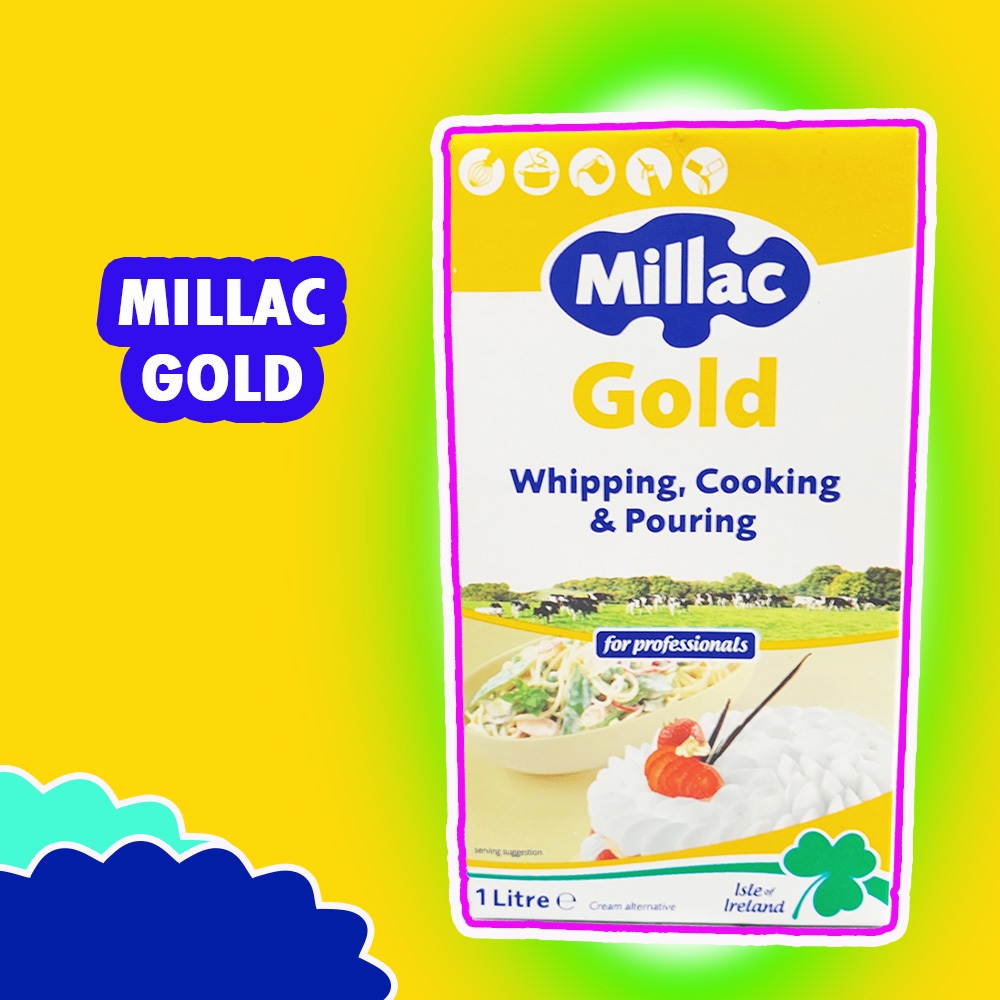 Jual millac gold 1 liter whipping cream pouring cooking halal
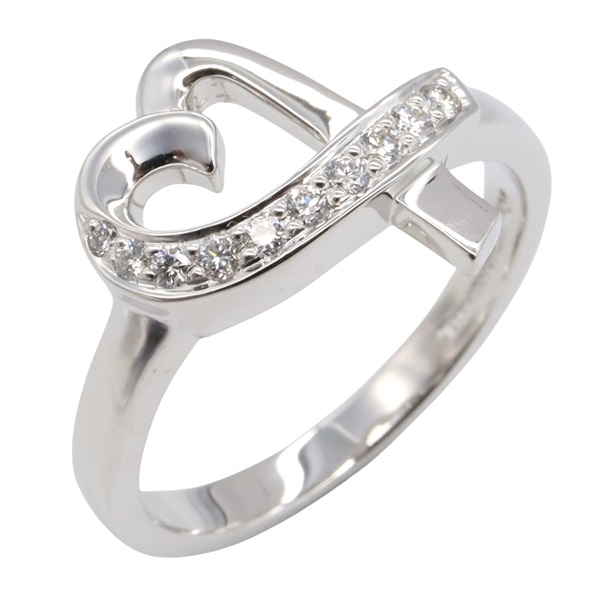 TIFFANY＆CO Loving Heart Diamond Ring 18KWG White Gold Used US size 8.25 women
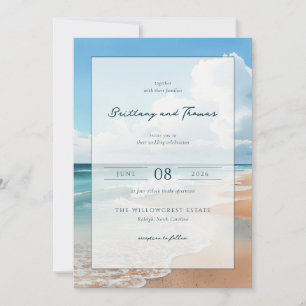 Serene Blue Beach Waves Invitation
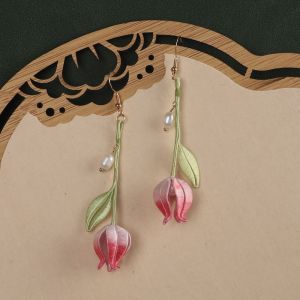 Handmade Silk Flower Pearl Ear Cuffs Traditional Chinese Style Daily High-End Sensation Bellflower Ancient Fashion Earrings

PROBLEM REQUIREMENTS
Word for word, reproduce all the data, but not the pictures.

EXPECTED OUTPUT
 Jual millac gold 1 liter whipping cream pouring cooking halal
 TIFFANY＆CO Loving Heart Diamond Ring 18KWG White Gold Used US size 8.25 women
 Serene Blue Beach Waves Invitation
 Handmade Silk Flower Pearl Ear Cuffs Traditional Chinese Style Daily High-End Sensation Bellflower Ancient Fashion Earrings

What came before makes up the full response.